About this exercise
Omit all images, then repeat exactly the lines below from the one containing "Fototapeta premium Weathered" through the one containing "Brass Garden Hose", both ends included.

Material provided
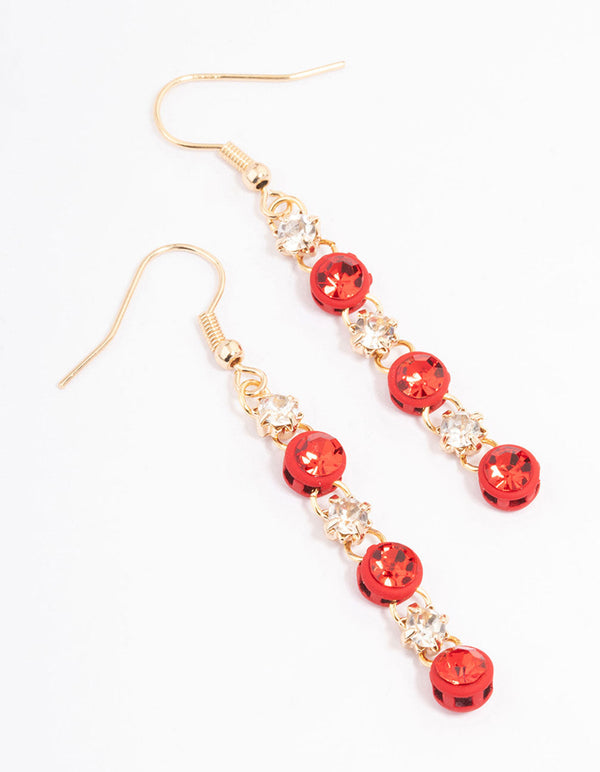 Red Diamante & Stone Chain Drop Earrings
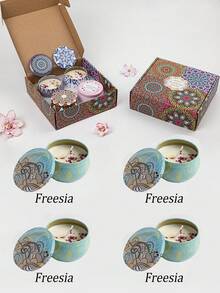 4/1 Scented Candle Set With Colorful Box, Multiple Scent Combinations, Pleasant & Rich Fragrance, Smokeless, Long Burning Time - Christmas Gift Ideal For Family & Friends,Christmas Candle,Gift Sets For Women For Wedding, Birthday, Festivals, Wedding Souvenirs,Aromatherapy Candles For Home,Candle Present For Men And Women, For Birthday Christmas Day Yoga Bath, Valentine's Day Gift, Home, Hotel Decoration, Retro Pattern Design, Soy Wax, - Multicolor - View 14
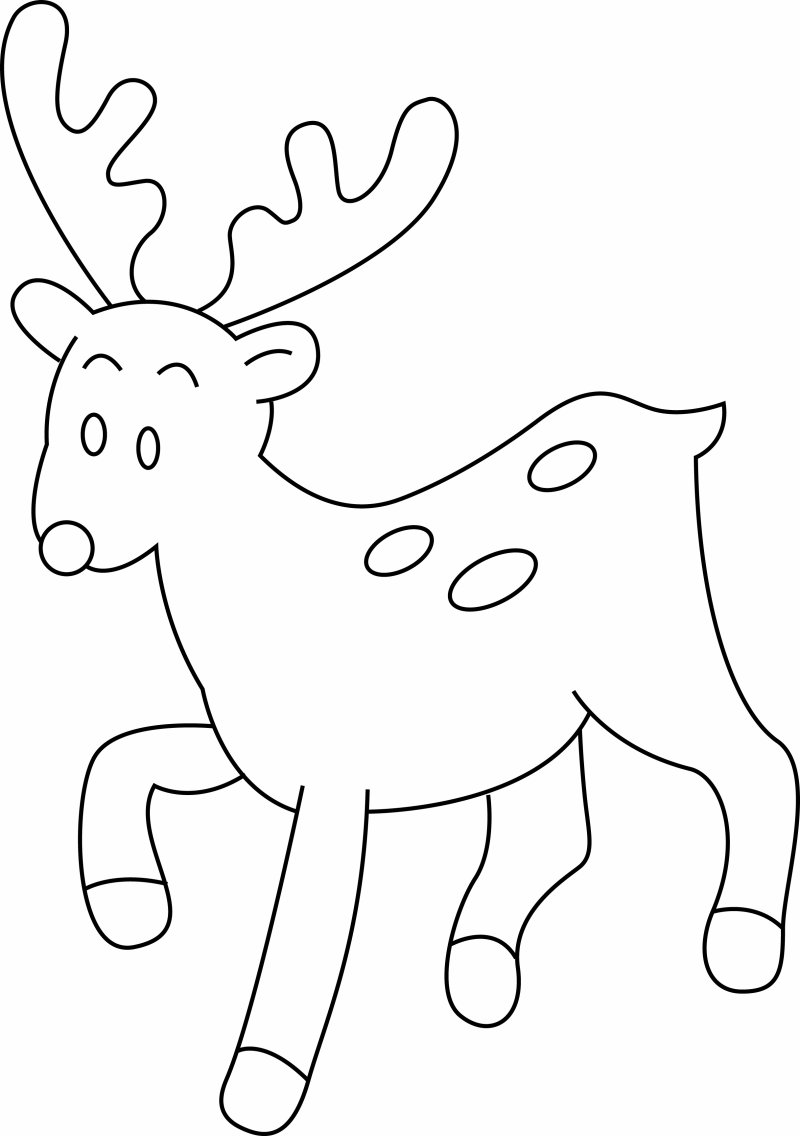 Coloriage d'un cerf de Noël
--
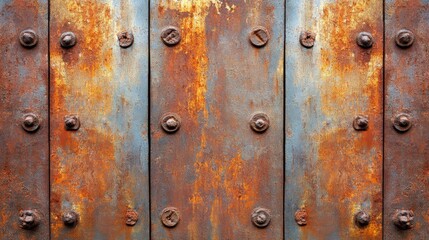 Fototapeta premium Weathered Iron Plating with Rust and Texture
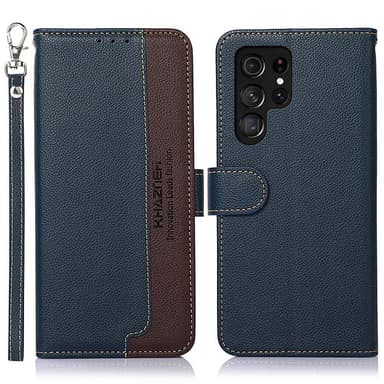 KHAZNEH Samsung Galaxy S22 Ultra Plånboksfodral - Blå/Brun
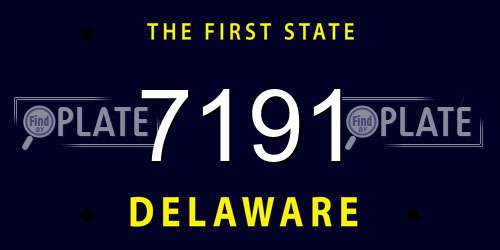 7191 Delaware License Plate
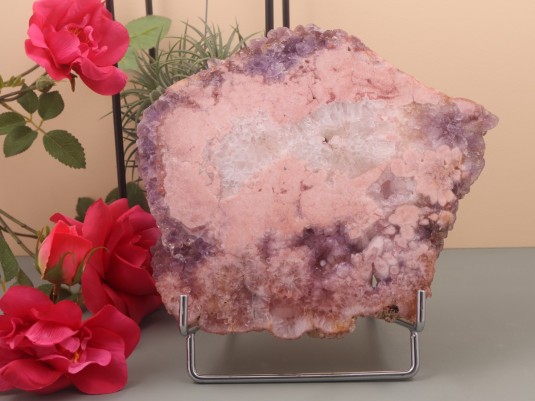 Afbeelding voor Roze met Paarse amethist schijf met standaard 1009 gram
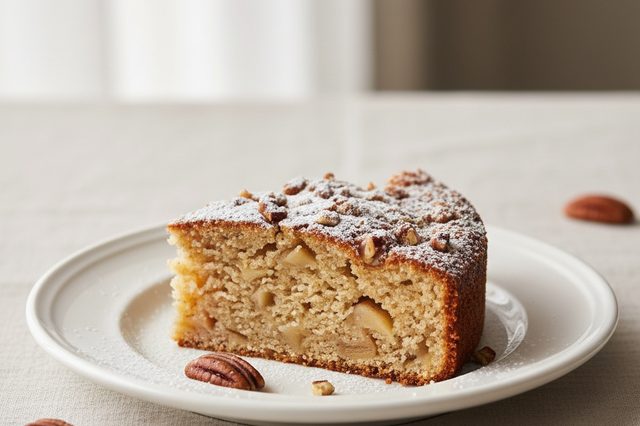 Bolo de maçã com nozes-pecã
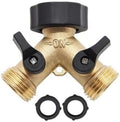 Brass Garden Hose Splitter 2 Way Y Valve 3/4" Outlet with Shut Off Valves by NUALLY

Written reply
 Fototapeta premium Weathered Iron Plating with Rust and Texture
 KHAZNEH Samsung Galaxy S22 Ultra Plånboksfodral - Blå/Brun
 7191 Delaware License Plate
 Afbeelding voor Roze met Paarse amethist schijf met standaard 1009 gram
 Bolo de maçã com nozes-pecã
 Brass Garden Hose Splitter 2 Way Y Valve 3/4" Outlet with Shut Off Valves by NUALLY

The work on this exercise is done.